En effet, les chevaux, débridés, commencèrent à paître l’herbe épaisse qui tapissait le sol. Quant aux cavaliers, ils s’étendirent au long de la route et se partagèrent les provisions de leurs havre-sacs.

Michel Strogoff avait conservé tout son sang-froid, et, se glissant entre les hautes herbes, il chercha à voir, puis à entendre.

C’était un détachement qui venait d’Omsk. Il se composait de cavaliers usbecks, race dominante en Tartarie, que leur type rapproche sensiblement des Mongols. Ces hommes, bien constitués, d’une taille au-dessus de la moyenne, aux traits rudes et sauvages, étaient coiffés du « talpak », sorte de bonnet de peau de mouton noir, et chaussés de bottes jaunes à hauts talons, dont le bout se relevait en pointe, comme aux souliers du moyen âge. Leur pelisse, faite d’indienne ouatée avec du coton écru, les serrait à la taille par une ceinture de cuir soutachée de rouge. Ils étaient armés, défensivement d’un bouclier, et offensivement d’un sabre courbe, d’un long coutelas et d’un fusil à pierre suspendu à l’arçon de la selle. Sur leurs épaules se drapait un manteau de feutre de couleur éclatante.

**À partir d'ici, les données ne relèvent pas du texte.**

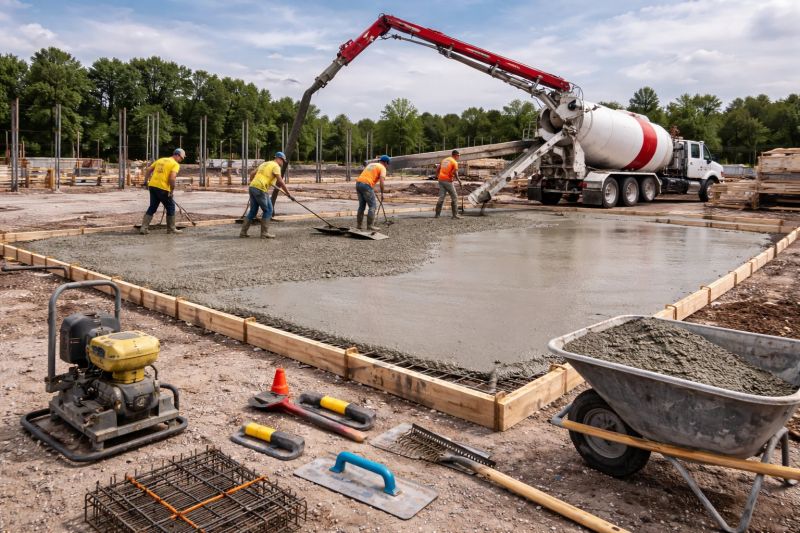 Commercial Slab Installation in Charlotte, MI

Les chevaux, qui paissaient en toute liberté sur la lisière du taillis, étaient de race usbèque, comme ceux qui les montaient. Cela se voyait parfaitement à la lueur des torches qui projetaient un vif éclat sous la ramure des mélèzes. Ces animaux, un peu plus petits que le cheval turcoman, mais doués d’une force remarquable, sont des bêtes de fond qui ne connaissent pas d’autre allure que celle du galop.

Ce détachement était conduit par un « pendja-baschi », c’est-à-dire un commandant de cinquante hommes, ayant en sous-ordre un « deh-baschi », simple commandant de dix hommes. Ces deux officiers portaient un casque et une demi-cotte de mailles ; de petites trompettes, attachées à l’arçon de leur selle, formaient le signe distinctif de leur grade.

Le pendja-baschi avait dû faire reposer ses hommes, fatigués d’une longue étape. Tout en causant, le second officier et lui, fumant le « beng », feuille de chanvre qui forme la base du « haschisch » dont les Asiatiques font un si grand usage, allaient et venaient dans le bois, de sorte que Michel Strogoff, sans être vu, put saisir et comprendre leur conversation, car ils s’exprimaient en langue tartare.